* SOURCE DATA
────────

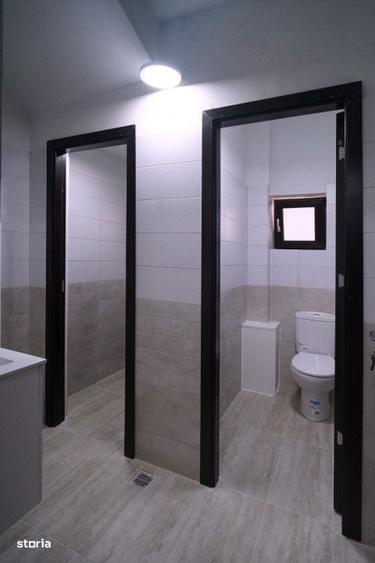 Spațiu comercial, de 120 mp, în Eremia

────────

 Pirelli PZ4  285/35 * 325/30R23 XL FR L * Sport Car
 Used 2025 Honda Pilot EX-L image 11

────────

* WHAT YOU NEED TO DO
Within the listing above, give again exactly every line from the line with "L * Sport Car" through the line with "Used 2025 Honda Pilot EX-L image 11", both included, and no other line.

* OUTPUT BELOW
 Pirelli PZ4  285/35 * 325/30R23 XL FR L * Sport Car
 Used 2025 Honda Pilot EX-L image 11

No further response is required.